Same Pedal, Slight Differences

[dafortier]

I may have found something of interest.  I went through all of the capacitors in the drive section and they are all the correct values and all identical.  I didn't remove them to check their actual vaules.. Actually, I don't really know how to do that anyway.  So I started checking the resistors.  They all checked out with the correct values, with the exception of a few and that could be because of their respective connected components.  I compared those ones between the two pedals and they were the same on both, so they seem fine.

However... R12.  On pedal A I can't get a reading at all.  The meter looks like it's quickly charging and discharging but never showing an actual reading.  BUT on pedal B it slowly builds up to 420k and stays there.  Attached is the schematic and circled is the resistor in question.

Could C8 or C7 on pedal B be bad?

[dafortier]

Well this is crazy. I thought I needed a better way to AB these pedals so I rounded up some spare parts and robbed another old pedal and built an A/B switcher.  Once hooked up I was able to switch quickly between the two.

I was able to dial in the exact identical tone on both. I mean indistinguishable! Even with that weird capacitor/resistor reading I had earlier.

Before this I would either try them one at a time or I'd run pedal A into Pedal B, or vice versa. Neither was ideal. Esp for weeding out such small differences. What I was hearing could have been just the compounded effect of having them back to back.

Still got allot of good info on the thread. But I think I've got this one solved! Thanks for all the help!

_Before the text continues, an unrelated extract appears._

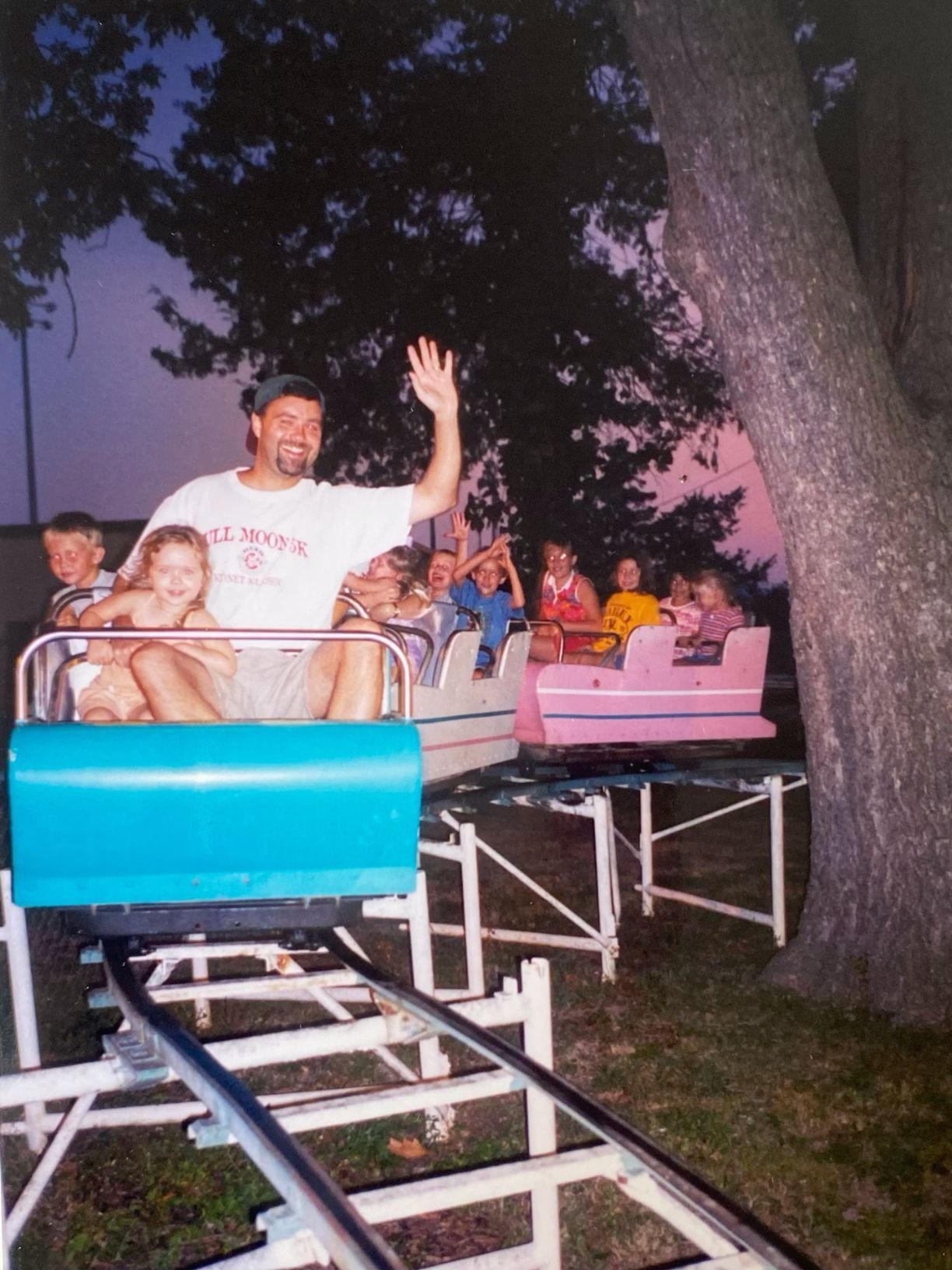 A man waving cheerfully while riding a small roller coaster with children at an amusement park.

Sent from my VS995 using Tapatalk

[Fender3D]

Stomping on the psychoacoustic field?
I wonder if this happens to the sound gurus as well....

[teemuk]

This is something that's always stumped me until recently. How can a large pedal company manufacture so many pedals and have them all sound the same when they're using components with tolerances on the order of 20%?

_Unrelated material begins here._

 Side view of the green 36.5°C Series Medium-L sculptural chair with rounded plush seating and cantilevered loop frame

Sometimes it matters, sometimes it doesn't. In my experience, when manufacturers DO need consistency they only use those poor tolerance components in places where it doesn't matter.

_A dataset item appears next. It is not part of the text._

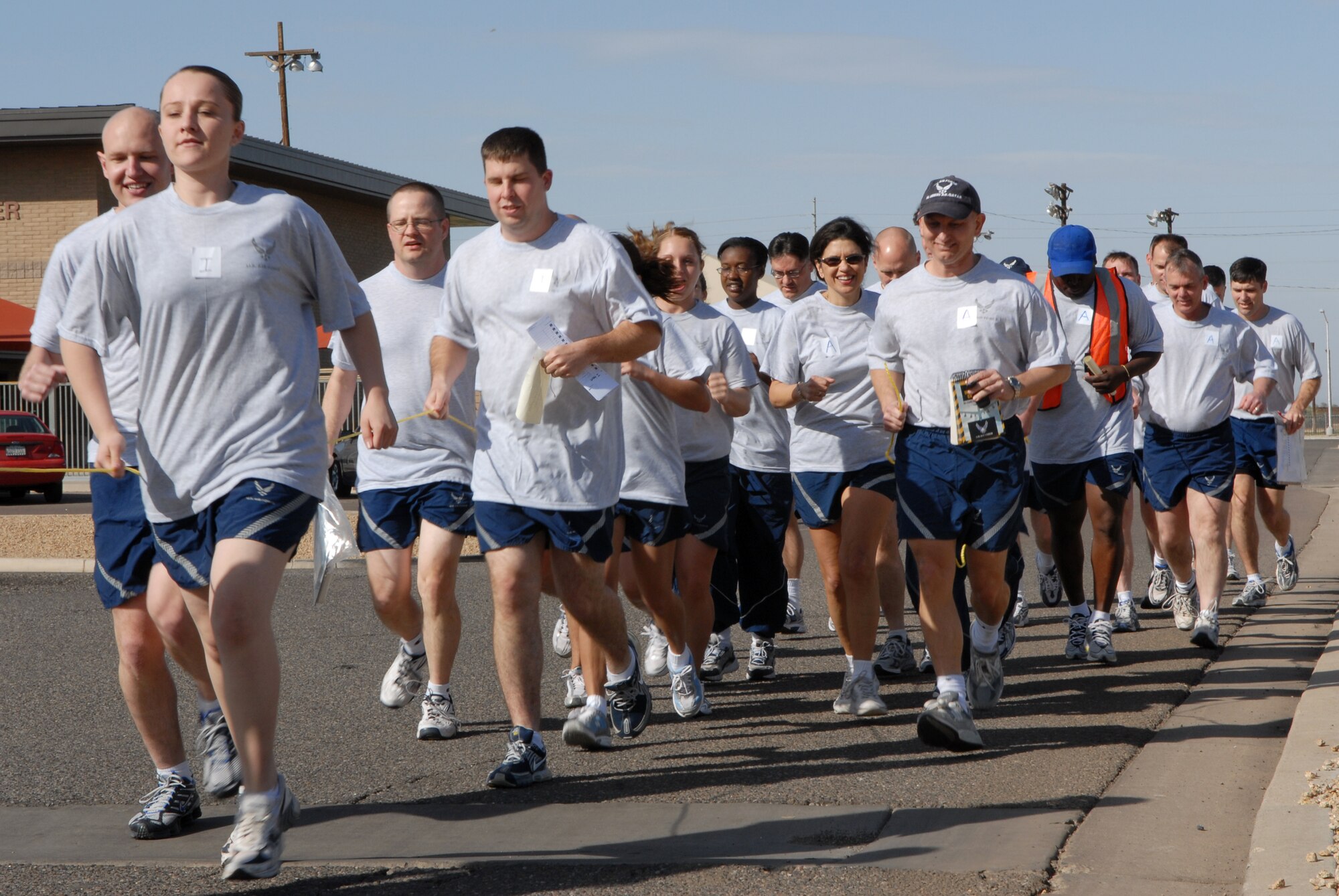 Members of the 56th Medical Group run together in teams to each obstacle during the medical challenge held at Fowler Park Feb. 14. The medical challenge requires teamwork to successfully complete the course. (photo by Staff Sgt. Jerry Fleshman)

Not to mention, great deal of circuit design aims for minimizing inconsistency issues that are due to device or component variation.

For example, gain of a generic bipolar transistor can vary much more than 20%. In a simple common emitter amp circuit you most likely identify effects of such variation. I'm pretty sure you identify them much more easily than, say, identifying 20% tolerance difference in filter cap capacitance. ...And then we proceed to put hundreds of those transistors to an integrated circuit like an opamp, wrap it to a global feedback loop, and -drumroll- suddenly only the feeeback loop components display any prominent effects of tolerance drift. Why? Because the circuit design has eliminated slight effects of component variation, and we can expect consistent performance.

IMO, the designers used those 20% tolerance components because they could, with sufficiently consistent results. No, same designers likely wouldn't have put them to a RF tuning circuitry that needs to operate precicely, but that's the point. 20% tolerance is quite sufficient to stuff that is not precision circuitry, like guitar effects, amps and alike (even now you have to focus to hear a difference), especially because there are circuit designs that minimize "external effects", and plenty of places in the circuit where 20% tolerance doesn't matter at all (e.g. filter caps, almost all components inside global feedback loops, etc.). If something really, really, needed to be consistent then the designer would have chosen smaller tolerance for those parts. There usually aren't that many in a generic guitar effect circuit.